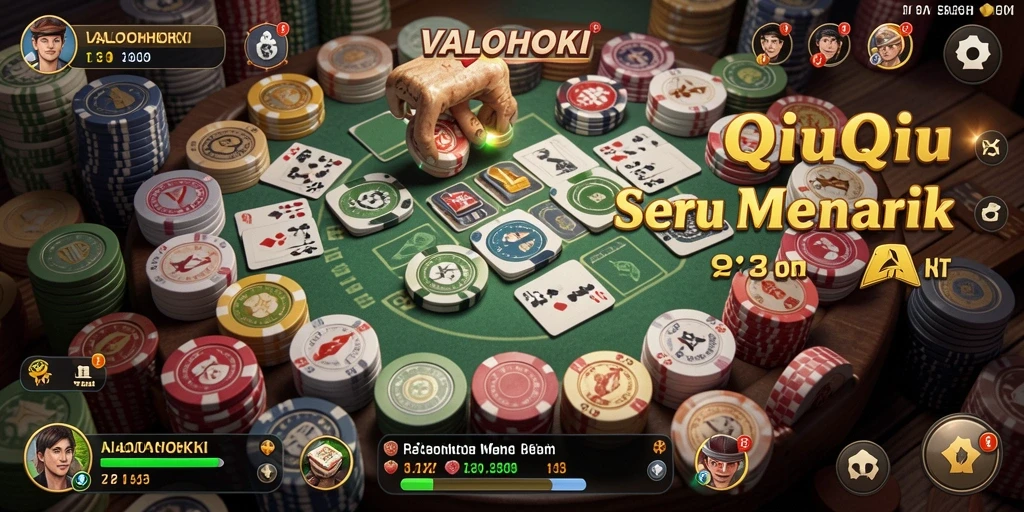 Screenshot VALOHOKI menunjukkan aksi seru permainan QiuQiu.
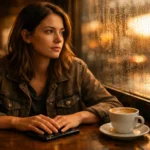 Uma mulher jovem observa a chuva através da janela de um café aconchegante durante a noite.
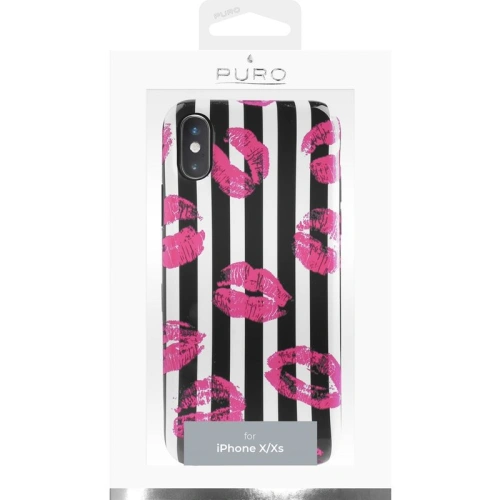 Kup Etui PURO Glam Miami Stripes pentru Apple iPhone XS/X (Kiss) - PUR052KIS - {ean13} - Sklep Home Screen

Task item
With the pictures omitted, the material is to be transcribed exactly.

Problem solution
 Screenshot VALOHOKI menunjukkan aksi seru permainan QiuQiu.
 Uma mulher jovem observa a chuva através da janela de um café aconchegante durante a noite.
 Kup Etui PURO Glam Miami Stripes pentru Apple iPhone XS/X (Kiss) - PUR052KIS - {ean13} - Sklep Home Screen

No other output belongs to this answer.